Shayne was thinking fast. “Who did you say this is?” he asked in a low voice.

“Ludlow. You know.” There was a gasp, then a pause. “This ain’t Shayne,” he yelped. “The cops are already—” A sharp click stung his eardrum.

Shayne cradled the receiver slowly and sat tugging at his ear lobe, trying to remember someone named Ludlow, when the telephone rang again.

He picked up the receiver and heard the substitute operator on the lobby switchboard saying, “Here’s Mr. Shayne now.”

“I’ve been trying to get you,” a husky voice complained. It was furred with sleep or with too many drinks, “I’ve just heard the shocking news about Ralph Carrol over the radio. Nora’s name wasn’t mentioned. Do you think she is involved?”

“Who’s calling?” Shayne asked.

“You wouldn’t know my name, but it’s very important that I see you at once, Mr. Shayne. If the police don’t already know, we’ve got to keep Nora out of it. I’ll pay you ten thousand dollars to forget everything you know about tonight.”

Shayne said, “Ten grand is a nice round sum. Who’s offering it?”

“It doesn’t matter, does it? I have the cash. All I need is your assurance that you won’t tell the police about Nora.”

Shayne said, “I think we’d better talk this over. Where are you?”

“Not so fast,” the furry voice objected. “How do I know you’re not already in touch with the police?”

“You don’t. But if I don’t get away from here quick I will be in touch with them.” He glanced at his wrist watch. Gentry had said he’d be back in five minutes. Four of them were gone. He had a minute left. “Where can we meet?”

“I don’t trust you,” the husky voice said querulously. “I’ve heard all sorts of things about your tricks. If you’re on the level and willing to keep your mouth shut for ten thousand dollars, leave there as soon as you hang up and drive north on Biscayne Boulevard. It’s three forty-two by my watch. You should reach Seventy-Ninth Street about four o’clock. Pull into the closed gasoline station on the southeast corner and wait there for me. If you’re on the square and there are no cops, you’ll get your money.”

Shayne said, “I’ll be there at four o’clock, in a black Hudson, and alone.” He broke the connection, got up, and went to the front door which Gentry had left open. He listened for a second, and hearing no sound from above, Shayne closed the door quietly and hurried back to the telephone.
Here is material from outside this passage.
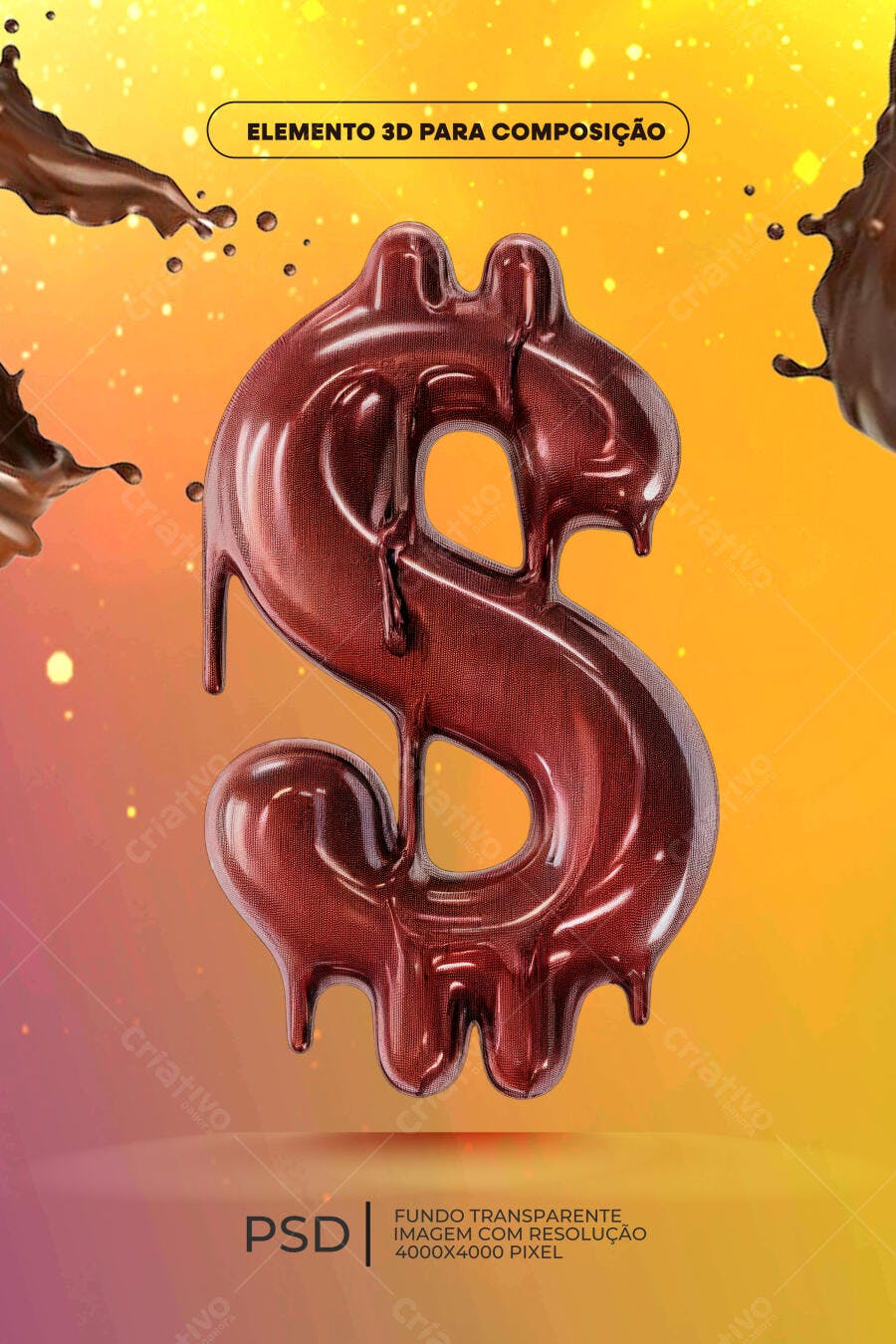 Elemento 3D Dólar Chocolate Derretido para Composição PSD Editável
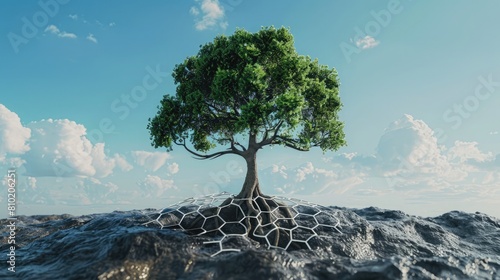 Conceptual graphic of a tree, its roots reshaped as a carbon molecule, symbolizing corporate environmental duty. Corporate carbon reduction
He gave Lucy Hamilton’s number, and when her sleepy voice answered he said rapidly, “Listen carefully, angel, and don’t ask questions. Get dressed fast. A light-colored suit, if you have one. Wear a yellow scarf fluffed out at your throat. Bareheaded. Call a taxi while you’re dressing. Go to the Commodore Hotel and ask at the desk for your key. You’ve forgotten your room number, having just checked in yesterday afternoon. You’re Mrs. Ralph Carrol, or Nora Carrol, from Wilmington, Delaware. If they insist you took your key with you when you went out about one o’clock, say you lost it or something; but get a key to Mrs. Ralph Carrol’s room and get inside. Look for a letter to Mrs. Carrol from Michael Shayne giving a sketch of the layout of my apartment. It should be easy to find. Then get out in a hurry, and back to bed. I’ll see you later on at the office. Got it?”

“I think so,” Lucy told him “Is anything wrong, Michael?”

“Plenty. You’ve got maybe ten minutes to get that letter and get out of there. Good luck.”

Shayne hung up, sweat streaming down his trenched cheeks. He long-legged it to the door, grabbed his hat from a hook near by, went out and down the corridor to a side stairway leading to an exit that didn’t take him through the hotel lobby.